And as if my actual search for a job weren't depressing enough, my mind's not only decided I should start dreaming about it -- can't blame it for that -- but that I should start remembering these dreams. I don't remember very many of my dreams, and when I do they tend to be amusingly surreal experiences like that dream about guiding orv and bluerain
But for now the depressingly vivid dream has amounted to imagining myself receiving, and reading, in exquisite detail, the letter of rejection from a university I'd applied to and had a delightfully good interview at. It strikes me as memorable that the letter went on for several pages -- most of these letters in the real world finish off their business in three paragraphs, and that by making some effort at padding them out -- and was more apologetic than usual. This doesn't actually mean anything, I know, but it's just one more reason to stay up until I pass out rather than go to sleep.

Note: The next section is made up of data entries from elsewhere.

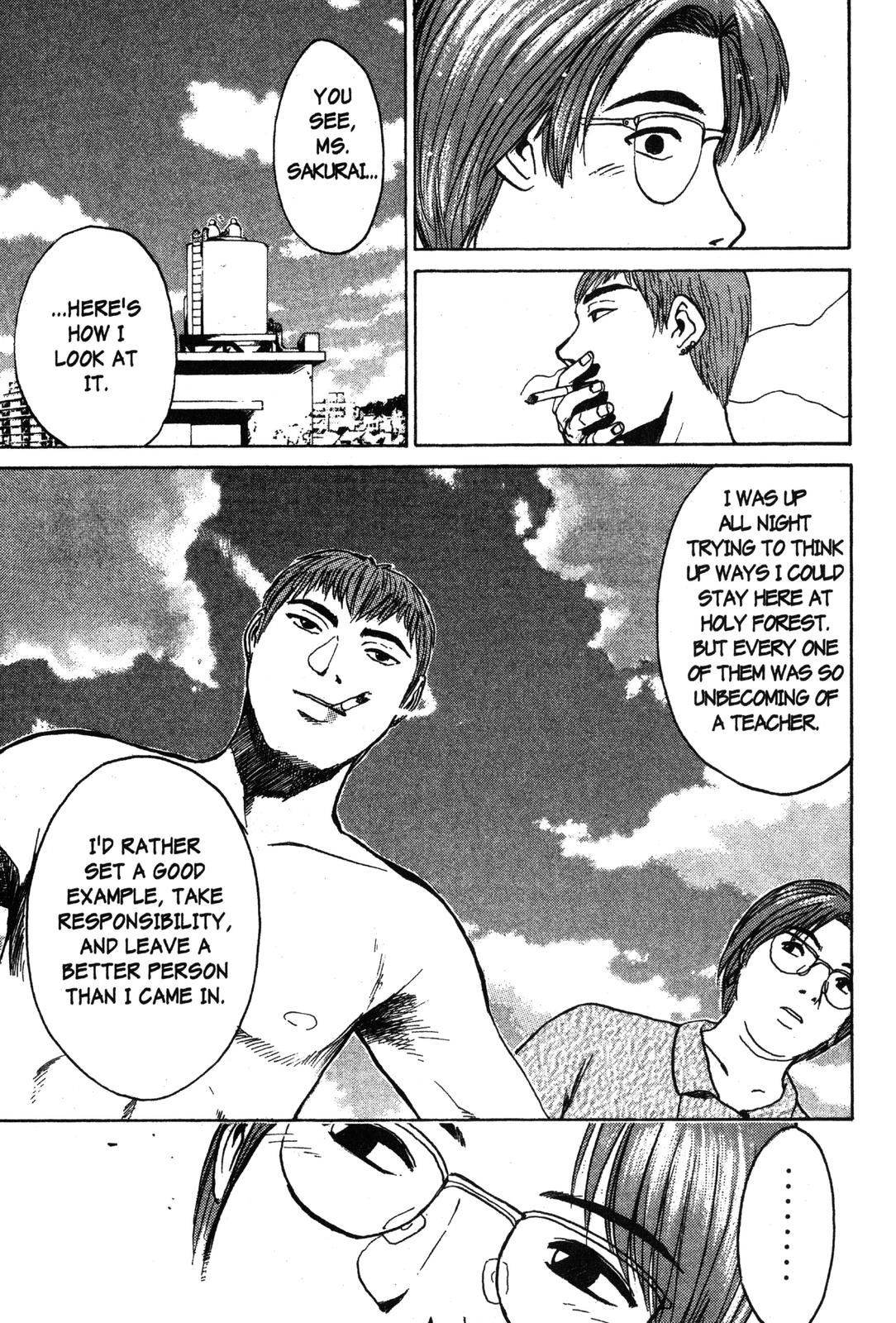 GTO: Great Teacher Onizuka Chapter 91 - Page 6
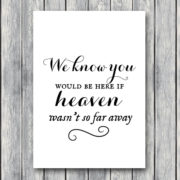 tg08-5x7-sign-remembrance-you-would-be-here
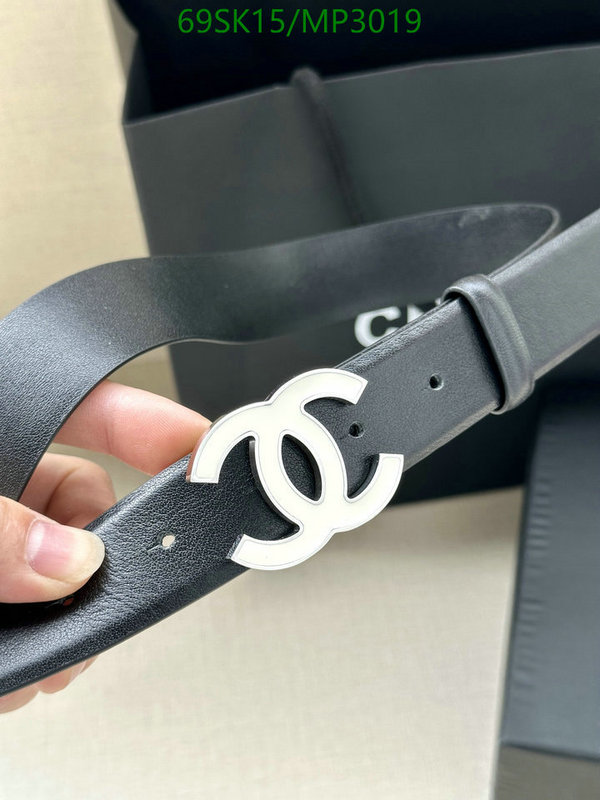 Belts-Chanel Code: MP3019 $: 69USD
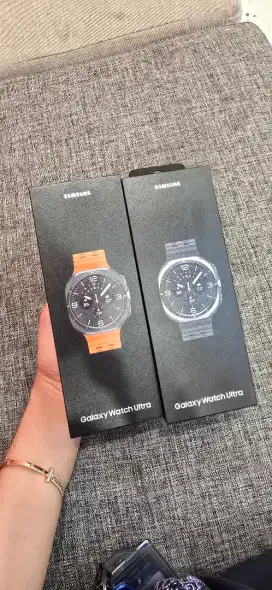 SAMSUNG GALAXY WATCH ULTRA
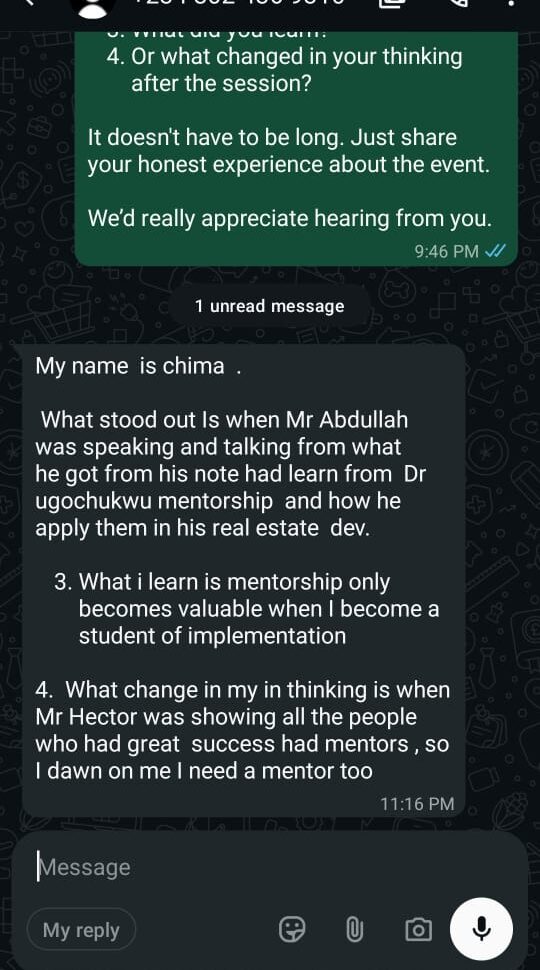 Testimonies (9)
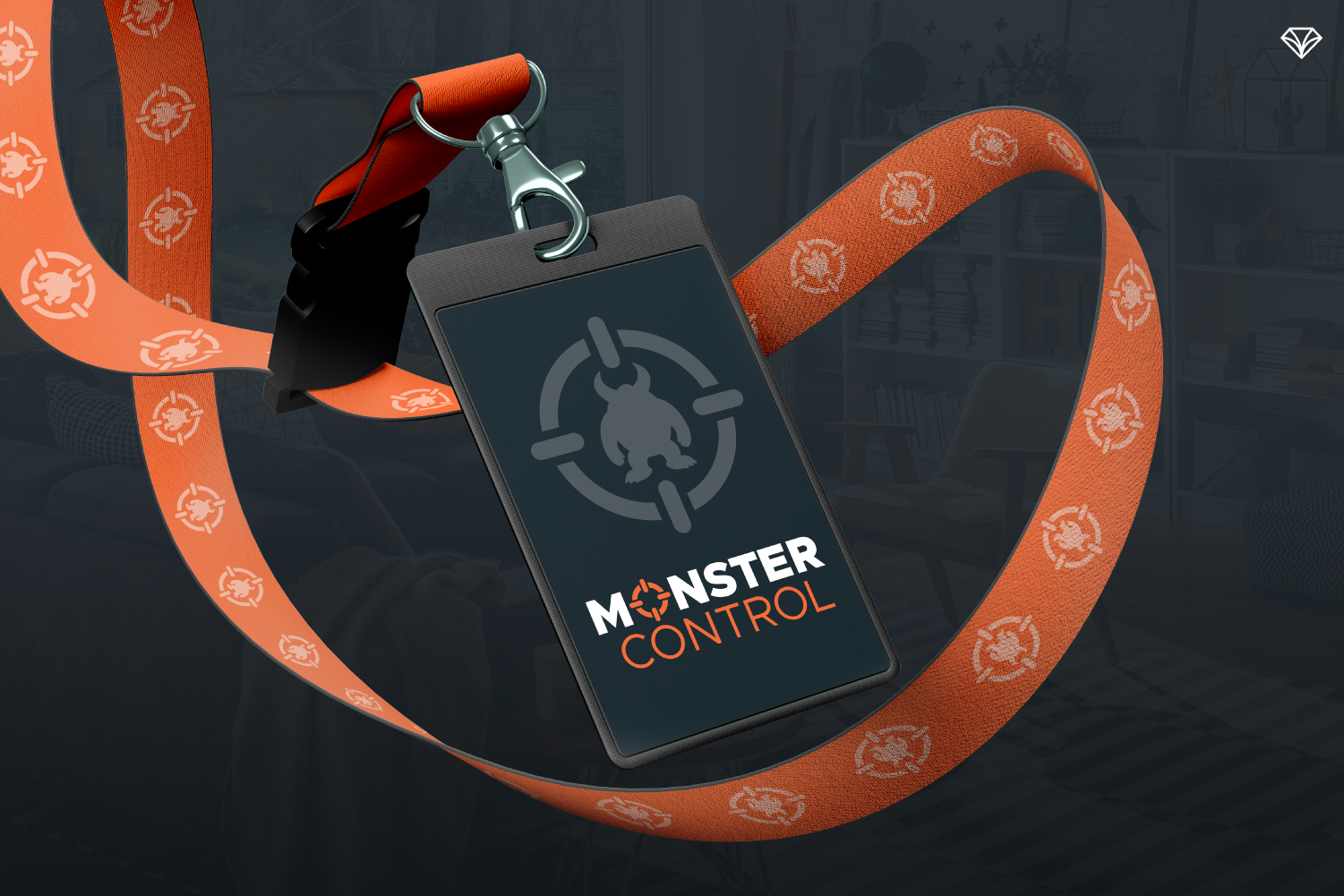 From Fear to Confidence: How Strategic Branding Helped Monster Control Turn Childhood Fears into a Trusted Experience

Another recent remembered dream is a bit more cryptic: in it I was back in Troy, New York, because I needed to make the last plunge to finish off my thesis (which was in fact completed and accepted four years, six months, and 27 days ago). For whatever reason -- though in reality I did most of the writing from Singapore, as far from Troy as it's possible to get and stay on land, and when I was back in Troy I didn't set foot on campus except for meetings with my adviser or to eat at Chirp in the Wall at the Rathskeller until my actual thesis was ready for defending -- I had to be back in upstate New York for this, and more, sharing a huge studio-type apartment with a bunch of students whom I think were undergraduates, based on the amount of noise they made and the glee with which they belly-slid across the huge, irregular, roughly L-shaped plastic table covering most of the common area, which I think was about as long as the graduate student dorm (where I had one room, about the size of a Mercury capsule, in reality). I don't know who my roommates were, but they seemed reasonably pleasant but far too likely to set off fireworks or run experiments on constructing magnetic linear accelerators for iron-infused bread dough for me to want to spend too much time around them. I'm kind of glad I woke up.
Trivia: In May 1638 a Dutch government commission declared tulip contracts could be annulled on payment of 3.5 percent of the contract price. Source: Devil Take the Hindmost, Edward Chancellor.
Currently Reading: 1066: The Year of the Conquest, David Howarth.